The Star Gate

Home > Other > The Star Gate > Page 32
The Star Gate Page 32

by Dean C. Moore


  If the guy had been talking down to Leon he must have missed that; either the universal translator needed work or the Nautilus was editing the transmission in the name of better-group-dynamics. Or perhaps Leon couldn’t process any more at one time than taking in this guy’s alienness and the mind-blowing nature of what he was saying, leaving precious little room in his head for catching slights being communicated in tone.

  The Theta Team operative planted the device he’d absconded with, presumably from some other lab and presumably with the permission of whoever he’d snatched the item from—that or this place would be the stage for World War III in no time at all with all this “planet hopping” going on from lab to lab. He set his sample inside the contraption and waited for it to spit out whatever intel he was keen on gathering. “What is it you’re so focused on?”
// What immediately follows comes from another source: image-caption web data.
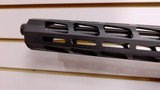 New Ruger PC Carbine Black Oxide finish 9mm 16" barrel 1 17 round magazine manual lock tools new in box - 7 of 25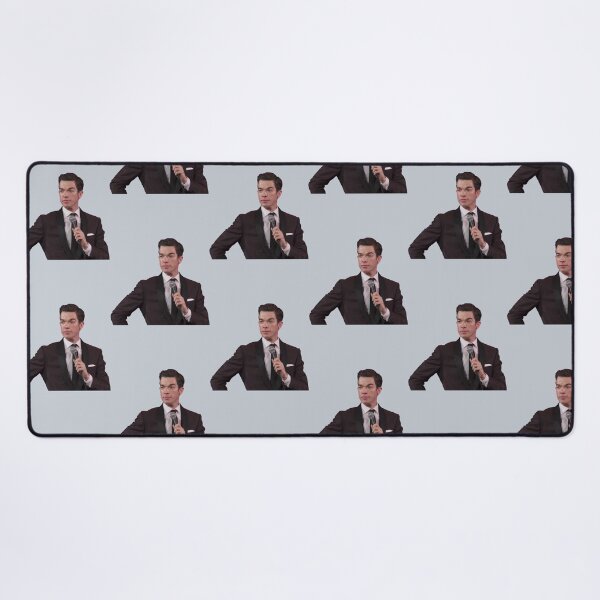 Item preview, John Mulaney - Kid Gorgeous designed and sold by athurathelstan.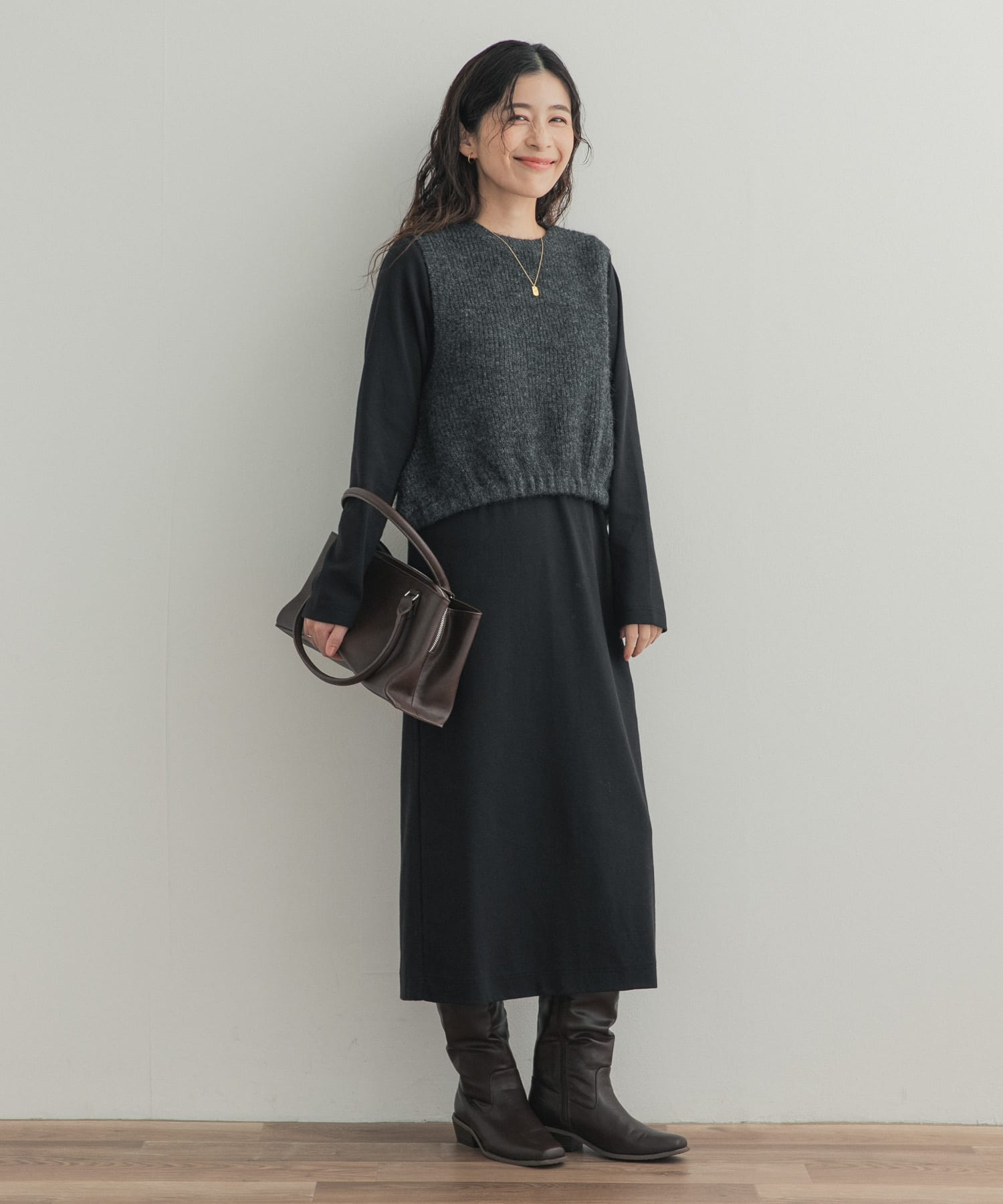 BLK×CCL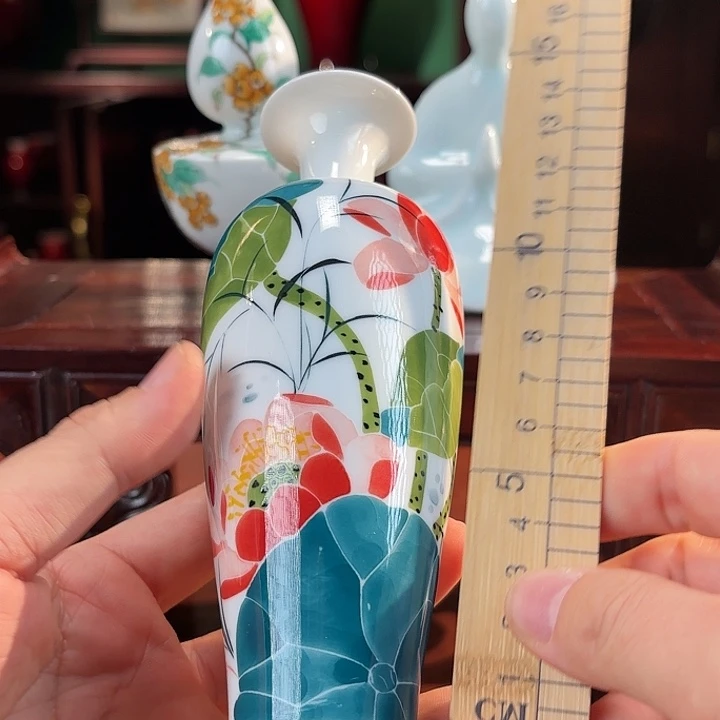 摆件11111111111111111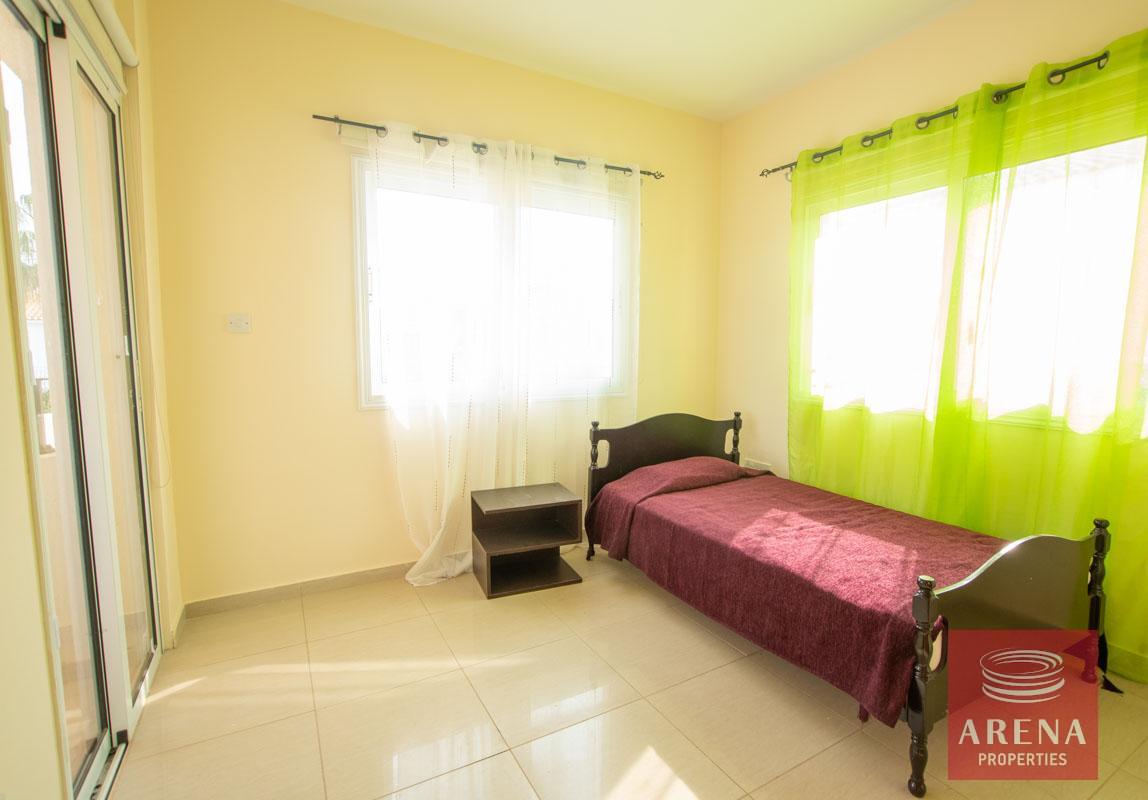 17-Villa-for-rent-in-Kapparis-5877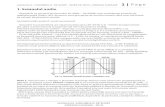 MANUALUL INGINERULUI DE SUNET - SCRIS DE TEHN.  · PDF filemanualul inginerului de sunet - scris de tehn. cristian nastase 1 | page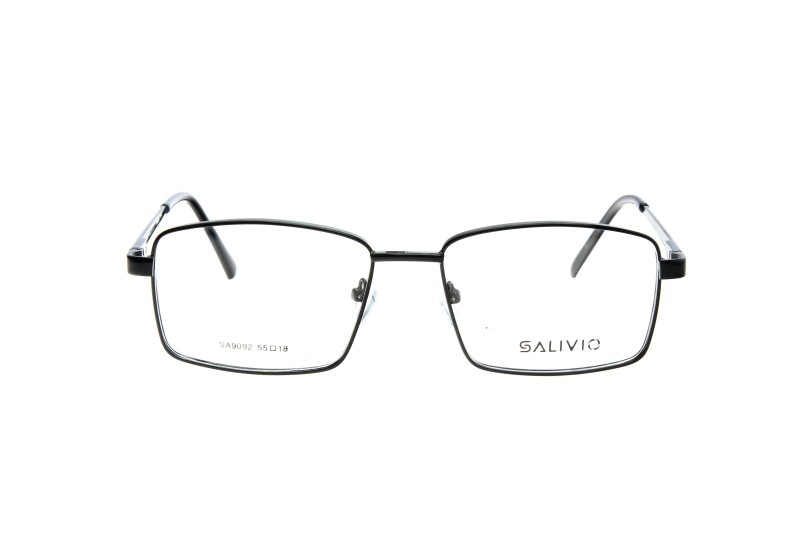 Оправа Salivio 9092 6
  The operative stood up violently from leaning over his experiment and groaned impatience. Okay, that time, Leon caught the innuendo just fine. “We have space telescopes, and probes scattered all over the cosmos constantly beaming us intel from planetary bodies they encounter. Some of these were sent by NASA at one point, or private space consortiums like Space-X. Most were sent out by the Nautilus herself. When the data suggests there’s no life on a moon, planetoid, or planet, it’s our job to figure out how to create the genesis effect that will get it going based on the ingredients we have to work with, the local constraints of the biophysics possible in that region of space, and so on. In the event there is life, it’s our job to assess just how intelligent this life is, and to assess how best to enable it to coexist within a larger ecosystem we procure, both to encourage its ongoing evolution and to invite the kind of cooperation and competition that makes for a more sustainable future for all parties, so it can better survive say perturbations to the overall system.”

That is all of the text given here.